Financial institutions have blamed job losses on higher regulatory standards. This reasoning is unsound.

Broadly, worthwhile regulatory costs are to do with higher capital buffers against risks and stronger monitoring of dirty money flowing across borders. Standards have risen because many banks failed their duties during the crisis. And with more capital cushion, banks are stronger today.

Banks make money for the most part off deposits of the average salaryman. No doubt, margins have thinned as monetary easing ran ahead of fiscal policy that should be used to fix the crisis caused by banks. But plainly, banks are finding it harder to make money today because the income engineered before the crisis was off looser regulations that allowed banks to make excessive profits on excessive risk on bets with funds that did not belong to them.

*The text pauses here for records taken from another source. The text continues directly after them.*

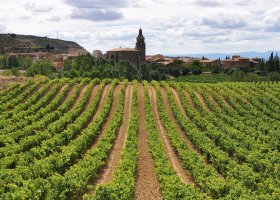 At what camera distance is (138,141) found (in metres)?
32.2

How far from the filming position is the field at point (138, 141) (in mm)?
18891

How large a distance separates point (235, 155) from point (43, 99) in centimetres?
2607

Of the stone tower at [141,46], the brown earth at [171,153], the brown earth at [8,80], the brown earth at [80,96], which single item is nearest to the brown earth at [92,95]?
the brown earth at [80,96]

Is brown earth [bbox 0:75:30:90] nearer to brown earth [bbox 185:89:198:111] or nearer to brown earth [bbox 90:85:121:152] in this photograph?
brown earth [bbox 90:85:121:152]

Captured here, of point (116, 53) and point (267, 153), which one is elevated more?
point (116, 53)

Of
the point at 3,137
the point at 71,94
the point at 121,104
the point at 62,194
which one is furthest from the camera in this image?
the point at 71,94

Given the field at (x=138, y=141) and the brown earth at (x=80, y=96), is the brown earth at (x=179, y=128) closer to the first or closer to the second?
the field at (x=138, y=141)

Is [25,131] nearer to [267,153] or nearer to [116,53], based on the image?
[267,153]

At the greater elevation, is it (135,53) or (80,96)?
(135,53)

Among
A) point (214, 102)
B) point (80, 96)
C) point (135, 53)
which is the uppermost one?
point (135, 53)

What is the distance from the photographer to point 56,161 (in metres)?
22.5

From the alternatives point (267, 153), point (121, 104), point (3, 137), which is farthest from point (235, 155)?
point (121, 104)

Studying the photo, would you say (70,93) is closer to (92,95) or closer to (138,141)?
(92,95)

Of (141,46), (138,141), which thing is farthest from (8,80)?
(141,46) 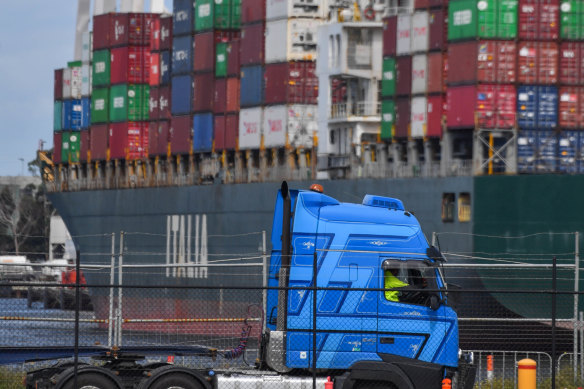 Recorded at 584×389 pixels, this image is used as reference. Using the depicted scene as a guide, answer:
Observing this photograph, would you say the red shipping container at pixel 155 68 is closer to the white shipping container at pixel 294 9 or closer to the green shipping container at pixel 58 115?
the white shipping container at pixel 294 9

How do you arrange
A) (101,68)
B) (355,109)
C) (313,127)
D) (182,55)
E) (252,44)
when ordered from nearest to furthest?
(355,109), (313,127), (252,44), (182,55), (101,68)

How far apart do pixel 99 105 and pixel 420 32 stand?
27.7 m

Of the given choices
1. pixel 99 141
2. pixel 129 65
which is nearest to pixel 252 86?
pixel 129 65

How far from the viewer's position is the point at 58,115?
82.3m

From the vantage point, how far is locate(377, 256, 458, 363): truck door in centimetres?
1820

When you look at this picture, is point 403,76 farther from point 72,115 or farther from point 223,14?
point 72,115

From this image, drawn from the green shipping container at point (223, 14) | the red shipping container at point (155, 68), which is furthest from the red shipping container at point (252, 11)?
the red shipping container at point (155, 68)

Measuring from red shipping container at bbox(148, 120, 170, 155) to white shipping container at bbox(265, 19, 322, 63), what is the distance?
9951 mm

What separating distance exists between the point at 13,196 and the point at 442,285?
109 m

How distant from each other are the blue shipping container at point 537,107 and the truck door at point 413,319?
29.4 meters

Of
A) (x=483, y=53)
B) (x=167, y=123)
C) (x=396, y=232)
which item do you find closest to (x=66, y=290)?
(x=167, y=123)

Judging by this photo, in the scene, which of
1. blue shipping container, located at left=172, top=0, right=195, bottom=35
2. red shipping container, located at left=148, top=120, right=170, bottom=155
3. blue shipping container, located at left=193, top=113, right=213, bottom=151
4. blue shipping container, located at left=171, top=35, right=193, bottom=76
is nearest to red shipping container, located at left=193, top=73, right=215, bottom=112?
blue shipping container, located at left=193, top=113, right=213, bottom=151

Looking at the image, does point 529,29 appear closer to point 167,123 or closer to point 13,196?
point 167,123

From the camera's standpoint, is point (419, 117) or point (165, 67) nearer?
point (419, 117)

What can be said is that as regulators doled out an estimated US$350 billion in penalties on banks (and so, shareholders), they have failed to go after top banking executives. WSJ showed that out of 156 criminal and civil actions levelled against large banks by the US Department of Justice (DoJ), less than 20 per cent of these suits involved bank employees. As estimates put the cost of the crisis at roughly US$15 trillion, Wall Street's top bankers stayed out of jail.

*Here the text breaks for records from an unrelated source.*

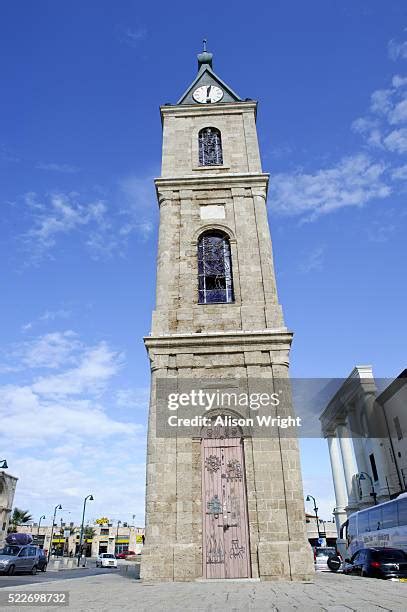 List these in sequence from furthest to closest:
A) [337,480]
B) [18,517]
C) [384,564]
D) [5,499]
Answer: [18,517], [337,480], [5,499], [384,564]

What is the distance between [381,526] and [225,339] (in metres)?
13.9

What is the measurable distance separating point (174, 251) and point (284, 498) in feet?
30.7

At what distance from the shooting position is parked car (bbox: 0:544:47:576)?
20.7m

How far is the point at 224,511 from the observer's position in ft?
41.4

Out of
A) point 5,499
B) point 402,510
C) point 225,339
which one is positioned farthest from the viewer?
point 5,499

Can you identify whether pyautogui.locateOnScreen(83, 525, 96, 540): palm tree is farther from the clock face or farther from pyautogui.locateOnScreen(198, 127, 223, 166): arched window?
the clock face

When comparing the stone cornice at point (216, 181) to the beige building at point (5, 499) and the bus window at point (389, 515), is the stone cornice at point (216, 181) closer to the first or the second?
the bus window at point (389, 515)

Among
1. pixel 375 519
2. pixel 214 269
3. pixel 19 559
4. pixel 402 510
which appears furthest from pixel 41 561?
pixel 214 269

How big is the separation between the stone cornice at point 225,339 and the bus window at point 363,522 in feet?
49.2

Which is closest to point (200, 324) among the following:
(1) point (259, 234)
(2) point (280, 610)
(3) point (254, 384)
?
(3) point (254, 384)

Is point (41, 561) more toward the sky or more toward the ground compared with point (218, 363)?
more toward the ground

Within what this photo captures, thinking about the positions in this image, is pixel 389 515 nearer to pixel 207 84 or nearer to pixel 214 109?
pixel 214 109

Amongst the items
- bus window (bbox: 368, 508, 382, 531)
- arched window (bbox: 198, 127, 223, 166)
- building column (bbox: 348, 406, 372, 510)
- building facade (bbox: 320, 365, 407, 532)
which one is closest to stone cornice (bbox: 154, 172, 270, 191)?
arched window (bbox: 198, 127, 223, 166)

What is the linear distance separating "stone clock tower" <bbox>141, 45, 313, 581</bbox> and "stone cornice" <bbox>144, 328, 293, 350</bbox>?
0.11 feet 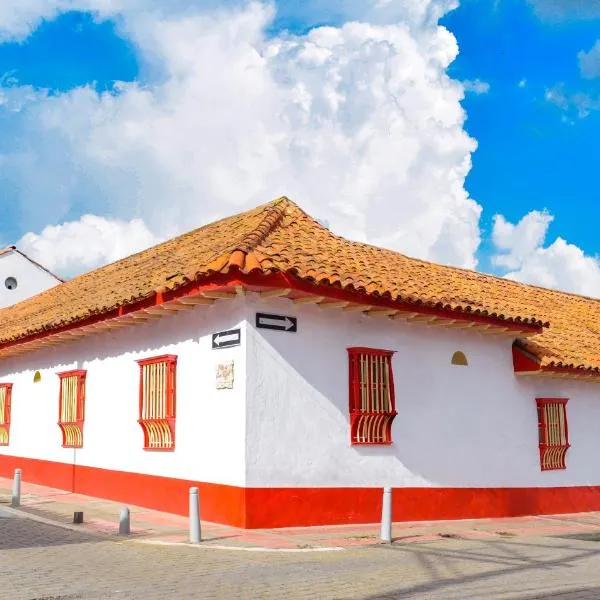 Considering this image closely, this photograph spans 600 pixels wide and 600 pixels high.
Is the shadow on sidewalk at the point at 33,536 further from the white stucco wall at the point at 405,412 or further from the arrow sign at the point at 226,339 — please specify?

The mind-numbing US$14 billion DoJ fine on Deutsche Bank over sales of soured mortgage-backed securities had not one errant staff prosecuted.

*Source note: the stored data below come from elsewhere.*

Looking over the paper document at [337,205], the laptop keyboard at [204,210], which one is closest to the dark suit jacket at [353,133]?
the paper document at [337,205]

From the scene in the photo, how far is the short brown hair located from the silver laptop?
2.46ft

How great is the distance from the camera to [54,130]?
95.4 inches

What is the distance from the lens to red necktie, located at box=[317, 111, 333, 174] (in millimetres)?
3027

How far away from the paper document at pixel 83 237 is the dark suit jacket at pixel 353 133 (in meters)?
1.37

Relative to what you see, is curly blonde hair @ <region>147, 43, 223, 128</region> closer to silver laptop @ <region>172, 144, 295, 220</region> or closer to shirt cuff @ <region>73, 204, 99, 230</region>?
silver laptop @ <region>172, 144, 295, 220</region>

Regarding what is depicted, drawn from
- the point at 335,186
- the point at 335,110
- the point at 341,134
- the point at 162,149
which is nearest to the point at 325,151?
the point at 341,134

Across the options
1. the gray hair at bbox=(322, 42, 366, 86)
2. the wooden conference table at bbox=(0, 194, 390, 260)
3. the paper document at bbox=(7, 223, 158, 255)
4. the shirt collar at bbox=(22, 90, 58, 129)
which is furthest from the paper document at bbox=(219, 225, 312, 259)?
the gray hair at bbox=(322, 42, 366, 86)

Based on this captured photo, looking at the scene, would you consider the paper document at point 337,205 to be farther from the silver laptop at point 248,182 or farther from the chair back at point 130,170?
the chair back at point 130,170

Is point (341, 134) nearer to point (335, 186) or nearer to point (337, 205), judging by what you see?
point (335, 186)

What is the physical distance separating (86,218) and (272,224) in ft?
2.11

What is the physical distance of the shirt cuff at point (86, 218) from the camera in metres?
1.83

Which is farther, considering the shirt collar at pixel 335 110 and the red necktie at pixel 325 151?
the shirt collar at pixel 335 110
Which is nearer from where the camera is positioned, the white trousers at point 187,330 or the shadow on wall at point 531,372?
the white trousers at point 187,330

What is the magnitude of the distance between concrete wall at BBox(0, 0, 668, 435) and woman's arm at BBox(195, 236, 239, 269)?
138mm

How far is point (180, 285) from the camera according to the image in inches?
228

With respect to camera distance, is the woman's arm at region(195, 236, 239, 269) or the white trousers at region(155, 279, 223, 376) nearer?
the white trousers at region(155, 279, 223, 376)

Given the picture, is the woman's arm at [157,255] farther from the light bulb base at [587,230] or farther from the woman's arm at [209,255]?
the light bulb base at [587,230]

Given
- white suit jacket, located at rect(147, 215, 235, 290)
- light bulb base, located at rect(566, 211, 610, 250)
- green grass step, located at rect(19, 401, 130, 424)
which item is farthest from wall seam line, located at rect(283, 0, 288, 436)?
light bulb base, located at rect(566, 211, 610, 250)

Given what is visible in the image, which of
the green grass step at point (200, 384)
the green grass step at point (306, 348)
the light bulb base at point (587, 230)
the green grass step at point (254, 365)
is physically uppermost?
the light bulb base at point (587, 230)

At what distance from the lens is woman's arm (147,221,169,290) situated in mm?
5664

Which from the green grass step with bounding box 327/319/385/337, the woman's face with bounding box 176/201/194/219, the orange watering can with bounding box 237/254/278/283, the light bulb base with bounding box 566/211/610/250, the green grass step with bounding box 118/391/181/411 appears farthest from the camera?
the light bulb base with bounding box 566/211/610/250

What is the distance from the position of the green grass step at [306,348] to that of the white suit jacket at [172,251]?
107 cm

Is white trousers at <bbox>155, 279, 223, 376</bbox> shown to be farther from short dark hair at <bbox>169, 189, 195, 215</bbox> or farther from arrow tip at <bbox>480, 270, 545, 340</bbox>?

The common excuse from top banking executives is they did not know the extent of the damage during the crisis. Perhaps had they chosen to clean up their systems, they would have. Whether they wanted to know, is a different matter altogether.

There is some comfort, then, that the Monetary Authority of Singapore, in fining DBS and UBS for breaches related to 1MDB-related funds, also singled out the fault of specific bank officers, and instructed management to investigate lapses and take disciplinary measures against the staff involved. DBS, in turn, has said senior executives are among those who would be held accountable.

Another fear of job disruption from technology is to do with competition from fintech. But this lacks perspective. Fintechs have scooped up support from consumers in recent years as banks have provided poor services. Those stung by the crisis are far more wary of banks today. To be sure, few fintechs are sustainable, and rely on bank funding while fuelling anger against banks in the same breath. But the support for fintech speaks of banks' reputational hit.

A broader question comes about as banks shed thousands of jobs. How will it affect a rising tide of anti-bank sentiment? Local customers' deposits are the strongest source of funding for banks, and borrowers should turn to financial institutions for good debt and advice on long-term investments. Banks, in turn, build robust profits. Resentment against banks can hurt an already fragile economy. Without strong banks to build and intermediate credit expansion, businesses will find it harder to flourish.

Regulators must respond with thoughtful rules. In keeping banks in line, they must not kill them off with punitive penalties that also hurt none of the executives who put the banks in precarious situations. But the biggest risk of disruption is not from stricter regulations or technology. What we must still fear first are big, bad bankers.